→ What you are asked to do: In the entries below, which lines run from the one containing "Twerksum Balcony" to the one containing "Tabouret de bar en velours Lio marron 70 cm"? Copy exactly those lines, ends included, and no others.

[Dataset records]

********************

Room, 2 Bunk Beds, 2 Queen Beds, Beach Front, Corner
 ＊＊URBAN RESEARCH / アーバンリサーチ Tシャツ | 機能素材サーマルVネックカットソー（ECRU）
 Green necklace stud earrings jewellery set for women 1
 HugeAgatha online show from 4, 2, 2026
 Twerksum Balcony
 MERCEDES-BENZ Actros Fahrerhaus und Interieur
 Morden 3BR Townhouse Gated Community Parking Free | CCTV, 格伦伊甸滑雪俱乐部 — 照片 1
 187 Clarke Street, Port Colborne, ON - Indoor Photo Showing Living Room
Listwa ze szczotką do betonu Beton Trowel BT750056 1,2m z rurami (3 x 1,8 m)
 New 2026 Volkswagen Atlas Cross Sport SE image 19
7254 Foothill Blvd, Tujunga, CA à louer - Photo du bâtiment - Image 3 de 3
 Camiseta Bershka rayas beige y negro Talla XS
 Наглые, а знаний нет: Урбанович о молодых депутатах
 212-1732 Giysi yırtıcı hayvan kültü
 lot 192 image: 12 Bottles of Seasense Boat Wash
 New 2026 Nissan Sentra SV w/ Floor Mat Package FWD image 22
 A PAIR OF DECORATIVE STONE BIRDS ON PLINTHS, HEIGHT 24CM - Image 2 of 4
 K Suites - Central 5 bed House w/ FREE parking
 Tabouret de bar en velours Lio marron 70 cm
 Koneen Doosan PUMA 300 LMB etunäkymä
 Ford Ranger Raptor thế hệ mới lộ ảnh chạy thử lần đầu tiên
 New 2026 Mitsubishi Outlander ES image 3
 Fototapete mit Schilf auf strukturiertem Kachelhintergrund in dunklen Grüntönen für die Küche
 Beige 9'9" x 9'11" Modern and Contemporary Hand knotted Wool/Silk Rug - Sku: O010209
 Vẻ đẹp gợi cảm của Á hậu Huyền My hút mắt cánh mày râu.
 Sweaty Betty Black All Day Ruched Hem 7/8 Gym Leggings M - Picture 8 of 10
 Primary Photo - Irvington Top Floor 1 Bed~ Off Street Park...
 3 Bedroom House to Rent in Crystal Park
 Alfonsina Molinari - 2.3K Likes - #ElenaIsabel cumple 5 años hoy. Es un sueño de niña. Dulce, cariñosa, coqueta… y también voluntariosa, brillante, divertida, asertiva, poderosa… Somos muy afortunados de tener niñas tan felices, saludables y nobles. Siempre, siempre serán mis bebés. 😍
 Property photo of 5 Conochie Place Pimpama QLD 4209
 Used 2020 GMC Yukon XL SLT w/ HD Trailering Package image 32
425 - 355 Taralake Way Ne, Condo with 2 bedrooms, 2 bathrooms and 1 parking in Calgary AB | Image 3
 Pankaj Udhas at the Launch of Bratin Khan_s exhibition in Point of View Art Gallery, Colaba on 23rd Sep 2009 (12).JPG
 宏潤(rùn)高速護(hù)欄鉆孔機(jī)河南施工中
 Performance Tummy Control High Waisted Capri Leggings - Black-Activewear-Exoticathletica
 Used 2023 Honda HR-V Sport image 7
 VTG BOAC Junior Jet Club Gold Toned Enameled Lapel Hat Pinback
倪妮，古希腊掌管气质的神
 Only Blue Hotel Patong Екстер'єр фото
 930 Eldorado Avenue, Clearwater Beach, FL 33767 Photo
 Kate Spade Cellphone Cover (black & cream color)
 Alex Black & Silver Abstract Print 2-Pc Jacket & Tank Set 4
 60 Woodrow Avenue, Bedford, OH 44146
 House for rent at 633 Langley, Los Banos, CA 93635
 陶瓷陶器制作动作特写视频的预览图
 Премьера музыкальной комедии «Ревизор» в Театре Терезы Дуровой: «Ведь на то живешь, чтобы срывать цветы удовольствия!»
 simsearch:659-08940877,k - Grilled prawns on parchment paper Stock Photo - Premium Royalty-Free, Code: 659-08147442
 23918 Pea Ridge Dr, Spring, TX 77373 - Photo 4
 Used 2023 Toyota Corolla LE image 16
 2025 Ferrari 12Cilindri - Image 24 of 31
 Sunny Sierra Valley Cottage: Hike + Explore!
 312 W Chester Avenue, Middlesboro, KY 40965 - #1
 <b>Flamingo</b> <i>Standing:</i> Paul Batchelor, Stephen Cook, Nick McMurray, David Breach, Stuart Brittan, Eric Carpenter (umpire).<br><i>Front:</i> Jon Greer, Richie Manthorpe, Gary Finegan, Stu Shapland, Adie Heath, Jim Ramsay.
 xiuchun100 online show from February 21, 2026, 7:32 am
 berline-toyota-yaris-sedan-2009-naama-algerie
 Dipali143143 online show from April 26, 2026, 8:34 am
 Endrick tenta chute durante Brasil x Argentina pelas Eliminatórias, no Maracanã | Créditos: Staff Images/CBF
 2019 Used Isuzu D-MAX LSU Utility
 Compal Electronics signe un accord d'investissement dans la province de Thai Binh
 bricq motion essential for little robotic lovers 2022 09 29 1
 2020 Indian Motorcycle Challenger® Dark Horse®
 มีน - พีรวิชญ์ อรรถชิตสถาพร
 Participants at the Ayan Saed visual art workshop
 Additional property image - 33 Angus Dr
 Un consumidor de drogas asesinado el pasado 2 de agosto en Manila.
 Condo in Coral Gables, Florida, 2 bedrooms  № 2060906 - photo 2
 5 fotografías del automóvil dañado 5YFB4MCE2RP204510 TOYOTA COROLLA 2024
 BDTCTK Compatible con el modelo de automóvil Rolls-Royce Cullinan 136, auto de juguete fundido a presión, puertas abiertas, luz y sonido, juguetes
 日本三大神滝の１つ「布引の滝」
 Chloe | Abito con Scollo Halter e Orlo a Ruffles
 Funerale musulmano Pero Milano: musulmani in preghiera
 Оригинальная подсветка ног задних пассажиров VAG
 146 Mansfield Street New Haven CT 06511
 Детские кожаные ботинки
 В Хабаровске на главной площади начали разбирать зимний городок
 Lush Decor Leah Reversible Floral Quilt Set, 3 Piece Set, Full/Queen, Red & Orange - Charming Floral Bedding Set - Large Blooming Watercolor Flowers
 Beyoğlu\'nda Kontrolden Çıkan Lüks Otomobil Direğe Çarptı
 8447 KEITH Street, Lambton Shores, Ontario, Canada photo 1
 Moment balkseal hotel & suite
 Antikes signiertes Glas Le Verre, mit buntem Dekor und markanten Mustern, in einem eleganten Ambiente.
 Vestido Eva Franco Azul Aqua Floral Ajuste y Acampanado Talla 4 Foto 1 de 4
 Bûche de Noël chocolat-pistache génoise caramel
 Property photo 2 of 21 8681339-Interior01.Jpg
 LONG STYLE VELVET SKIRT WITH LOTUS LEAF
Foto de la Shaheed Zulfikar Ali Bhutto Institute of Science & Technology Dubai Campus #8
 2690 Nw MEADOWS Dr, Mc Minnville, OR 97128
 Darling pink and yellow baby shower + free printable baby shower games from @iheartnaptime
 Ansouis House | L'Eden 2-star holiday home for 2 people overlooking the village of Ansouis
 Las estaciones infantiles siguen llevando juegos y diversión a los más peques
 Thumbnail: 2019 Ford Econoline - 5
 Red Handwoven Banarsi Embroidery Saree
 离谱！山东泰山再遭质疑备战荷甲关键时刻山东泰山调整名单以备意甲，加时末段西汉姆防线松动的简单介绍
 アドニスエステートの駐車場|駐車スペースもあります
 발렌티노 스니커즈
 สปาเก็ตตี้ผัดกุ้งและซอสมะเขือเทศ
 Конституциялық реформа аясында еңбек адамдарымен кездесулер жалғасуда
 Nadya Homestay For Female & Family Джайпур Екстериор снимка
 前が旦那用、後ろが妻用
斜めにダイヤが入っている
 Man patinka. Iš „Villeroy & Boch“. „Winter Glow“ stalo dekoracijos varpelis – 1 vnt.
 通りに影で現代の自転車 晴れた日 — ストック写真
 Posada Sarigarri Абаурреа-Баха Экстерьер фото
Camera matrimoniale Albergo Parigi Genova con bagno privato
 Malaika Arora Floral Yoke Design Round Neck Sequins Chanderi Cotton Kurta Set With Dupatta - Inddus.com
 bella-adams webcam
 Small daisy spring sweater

********************

→ Solved exercise:
 Twerksum Balcony
 MERCEDES-BENZ Actros Fahrerhaus und Interieur
 Morden 3BR Townhouse Gated Community Parking Free | CCTV, 格伦伊甸滑雪俱乐部 — 照片 1
 187 Clarke Street, Port Colborne, ON - Indoor Photo Showing Living Room
Listwa ze szczotką do betonu Beton Trowel BT750056 1,2m z rurami (3 x 1,8 m)
 New 2026 Volkswagen Atlas Cross Sport SE image 19
7254 Foothill Blvd, Tujunga, CA à louer - Photo du bâtiment - Image 3 de 3
 Camiseta Bershka rayas beige y negro Talla XS
 Наглые, а знаний нет: Урбанович о молодых депутатах
 212-1732 Giysi yırtıcı hayvan kültü
 lot 192 image: 12 Bottles of Seasense Boat Wash
 New 2026 Nissan Sentra SV w/ Floor Mat Package FWD image 22
 A PAIR OF DECORATIVE STONE BIRDS ON PLINTHS, HEIGHT 24CM - Image 2 of 4
 K Suites - Central 5 bed House w/ FREE parking
 Tabouret de bar en velours Lio marron 70 cm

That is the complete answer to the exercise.